Troisième album d'une des figures de l'electro du moment.
Arca a certes déjà fait parler de lui avec ses précédents albums mais, quand il faut citer ses titres de gloire, on mentionne plus aisément son travail de l’ombre sur le premier album de FKA Twigs ou le dernier opus en date de Bjork. Bref, si on sait le Vénézuélien éminemment doué, il lui reste encore à se faire réellement un nom. Ce troisième album marque une étape importante dans sa carrière car, pour la première fois, il ose poser sa voix sur ses compositions. C’est d’autant moins anodin que si, pour tout producteur d’electro, ce n’est pas une démarche « naturelle », Arca a clairement annoncé qu’avec cet album, il posait littéralement ses tripes sur la table. Sur Piel, qui ouvre l’album, on comprend mieux la difficulté à franchir le cap pour lui puisqu’il révèle une voix qui part dans les aigüs, qu’on peut trouver belle, ampoulée, limite irritante ou ridicule, question de point de vue. Mais son chant est tellement imprégné de l’effort qu’il doit entreprendre sur lui qu’on oublie vite les a priori pour se concentrer sur ce condensé de douleur qui se poursuit sur Anoche. Pour trouver un équivalent à ce qu’on vient d’entendre, il faut remonter au siècle dernier, quand Goldie, en 1998, ouvrait « Saturnz Return » avec une ode à sa mère sur laquelle lui aussi osait poser sa voix.

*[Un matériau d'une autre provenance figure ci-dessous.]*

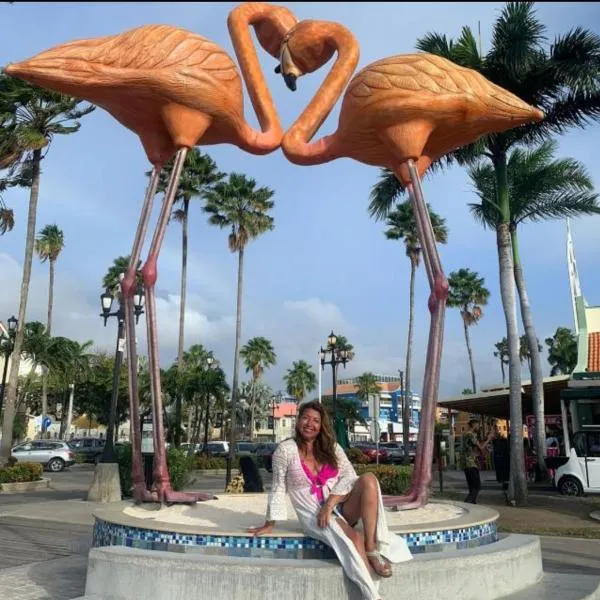 HARMONY Hotel Hostel Aruba, Hotel in Oranjestad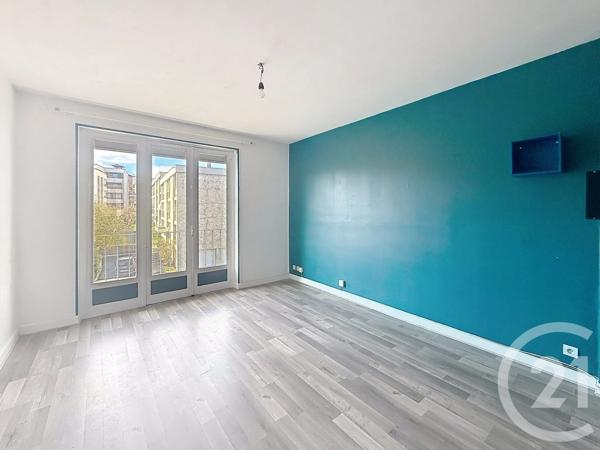Appartement F3 à vendre  3 pièces - 83,80 m 2   RIOM  - 63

Au-delà de cet aspect, ce qui frappe, c’est la volonté d’Arca de faire de cet album une expérience quasi-lithurgique, exigeante et introspective, physique, sensorielle, autant que musicale. Car, dans cet album, tout semble se contorsionner, évoquer à la fois la souffrance et le mouvement, comme dans un tableau de Francis Bacon. La beauté n’en est pas absente, bien au contraire, mais elle fait froid dans le dos, quand elle surgit avec des choeurs spectraux sur le final de Reverie ou qu’intervient une voix d’outre-tombe sur Saunter. Quant aux morceaux « instrumentaux », ne comptez pas sur eux pour alléger l’ambiance. Urchin s’avance avec d’épaisses nappes menaçantes, mouvantes, aussi inquiétantes qu’intrigantes, ça grouille, ça évoque la sorcellerie, les sons s’entrechoquent et, pour retrouver une telle densité dans les textures, il faut remonter aux travaux du Brésilien Amon Tobin il y a plus d’une décennie de cela. Alors certes, vous allez nous dire qu’on vous peint un tableau sacrément sombre, ce qui n’est pas la plus avenante des invitations pour vous pousser à vous intéresser à cet album. Mais que ce serait dommage… Vous n’écouterez pas cet album pour vous détendre au soleil ou faire votre footing et c’est tant mieux. Les disques qui réclament toute l’attention et commandent de ne pas faire autre chose en même temps, si on aime vraiment la musique, on sait que ce sont les meilleurs.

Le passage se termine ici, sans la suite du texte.